«Гарри Поттер и Дары смерти. Часть первая»: Рецензия Киноафиши
Дэвид Йейтс, поставивший самую лучшую («Гарри Поттер и Орден Феникса») и самую худшую («Гарри Поттер и Принц-полукровка») серии поттерианы, решил наконец выбрать золотую середину и снять нечто компромиссное между бурлением готического ужаса и по-диккенсовски обезвреженным, то есть подогнанным аккурат под рейтинг PG-13, бурлением юношеских гормонов. Сказано – сделано. С одной стороны, конечно, зрителя еще пуще гнетет сифилитический лик местного, роулинговского князя тьмы, буравит недобрым взглядом и попугивает разверстой змеиной пастью. Зато с другой стороны – всё по-прежнему довольно мило и комфортабельно, с безвредными шуточками и уютными магическими фокусами. Атмосферу относительного комфорта Йейтс умудряется соблюсти даже вопреки тому, что сюжет отчаянно загребает в бурное и, по существу, бесконтрольное море антиутопии. Вышеупомянутый же дрейф в антиутопические воды вдохновлен, вне всякого сомнения, Джорджем Оруэллом, а также Адольфом Гитлером: воцарившаяся в Хогвартсе после смерти Дамблдора диктатура скомбинирована из элементов оруэлловского «1984» и нацистской расовой политики. Повелитель зла и его приспешники пытаются всячески пресечь совокупление чародеев с простыми человеческими особями, а плоды этих противоестественных действий – выявить и обезвредить.
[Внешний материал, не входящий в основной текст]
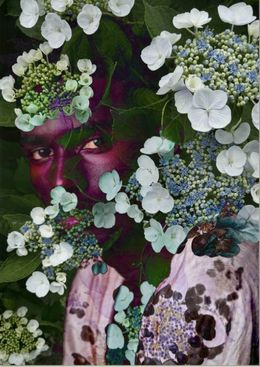 Photography, Electric Nature 19, Audrey Dupre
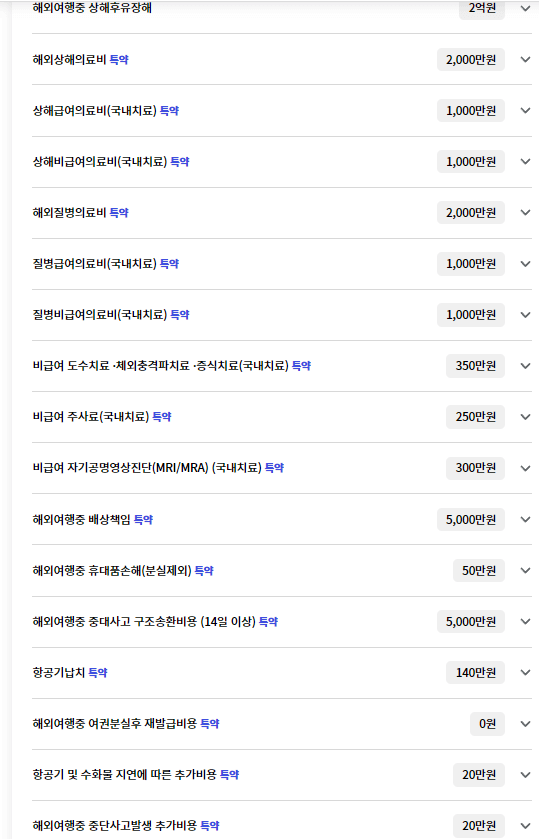 롯데손보 보장내용
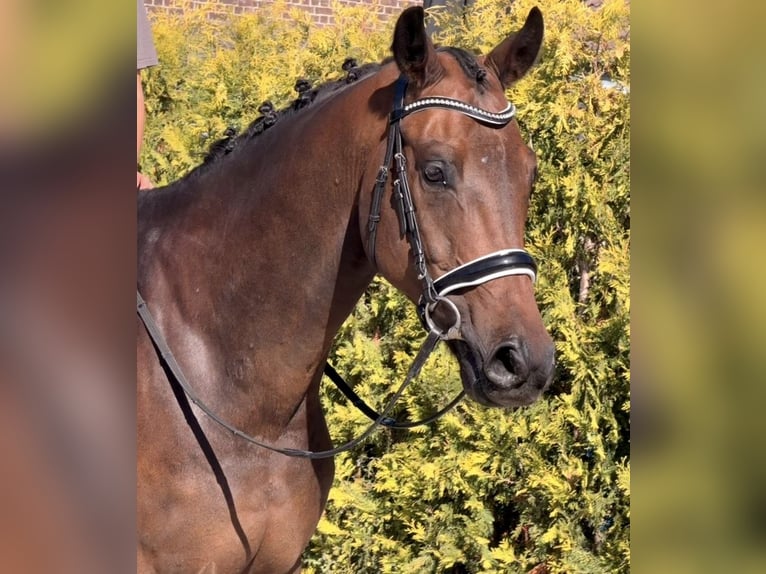 KWPN Ruin 5 Jaar 165 cm Bruin in Nettetal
По всему Хогвартсу коллективно ловят полукровок, безнадежно доказывающих свою расовую чистоту и профпригодность; сотрудники министерств и ведомств, телепортирующиеся через унитазы в общественных туалетах, вынуждены свидетельствовать на суде против собственных родственников, так что вся эта картина выглядит любопытным миксом «окончательного решения еврейского вопроса» и процессов по делу «троцкистско-бухаринской оппозиции».
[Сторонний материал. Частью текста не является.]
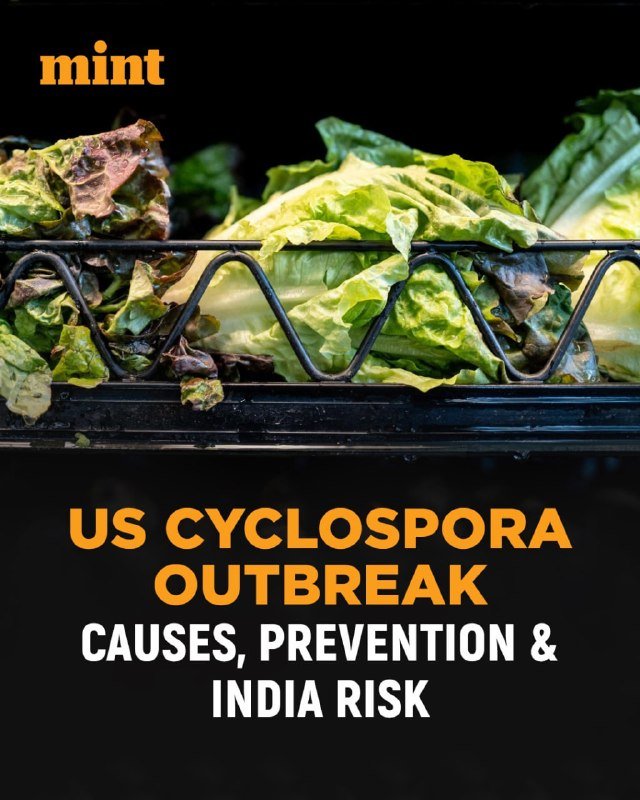 Fresh green and red leaf lettuce sits on a black wire produce shelf beneath the orange "mint" logo, with text reading "US Cyclospora Outbreak: Causes, Prevention & India Risk."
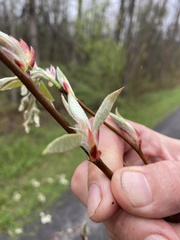 Amelanchier arborea arborea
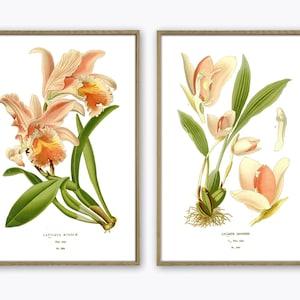 Orchid Flowers Print Set of 2, Botanical Wall Art, Pink Orchid Decor, Home Gallery, Flowers Poster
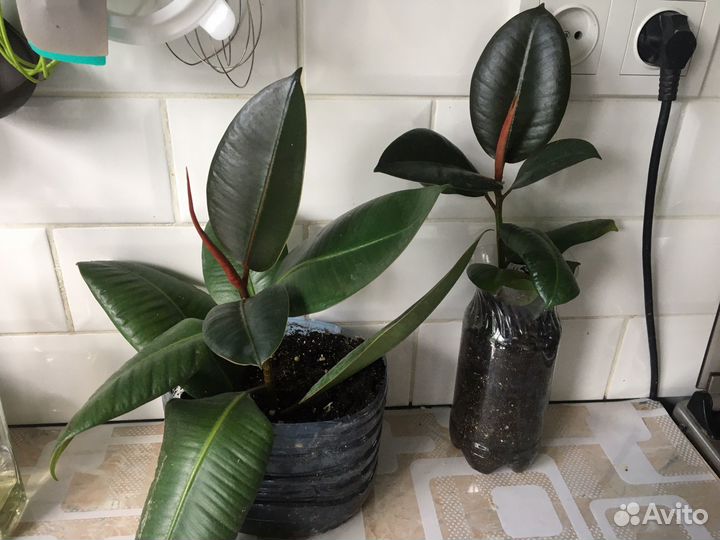 Фикус эластика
Учитывая предельную брутальность исторического контекста, послужившего материалом для очередной серии поттерианы, кино могло бы быть значительно менее прилизанным, однако вкусы целевой аудитории, знающей разве что немного о Гитлере, но едва ли об Оруэлле, не говоря уж про Троцкого с Бухариным, – диктуют и эстетику и мораль. Для целевой аудитории лучше всего подойдут магические гаджеты, позволяющие запихнуть любое количество скарба в небольшую сумку, вспомнить про первый раз в квиддич и преобразить артуровскую историю про меч в камне в историю про меч Гриффиндора, самопоявляющийся и самоисчезающий в волшебной гармонии с волей романистов и сценаристов. Впрочем, основные магические гаджеты, конечно, не какие-то там сумочки и даже не волшебные мечи (или мячи: квиддич по-прежнему жив в памяти не стареющих душой ветеранов волшбы и чародеинга), а кусочки Того-сами-знаете-кого-с-провалившимся-носом (кстати-начиная-с-рецензируемой-части-его-имя-уже-можно-произносить-без-всякого-зазрения-и-даже-не-шепотом), кои надо непременно разыскать и уничтожить. Этому чистейшей воды вудуизму и будет посвящен остаток саги, пока наконец юный мессия колдовского мира не встретится с темным властелином лицом к лицу, точнее – лицом к остаткам лица, и не… Впрочем, здесь, на самом интересном месте, мы торжественно умолкаем, дабы поклонники старины Гарри смогли с надлежащим сердечным трепетом оценить финал растянувшейся уже на целое десятилетие киноистории.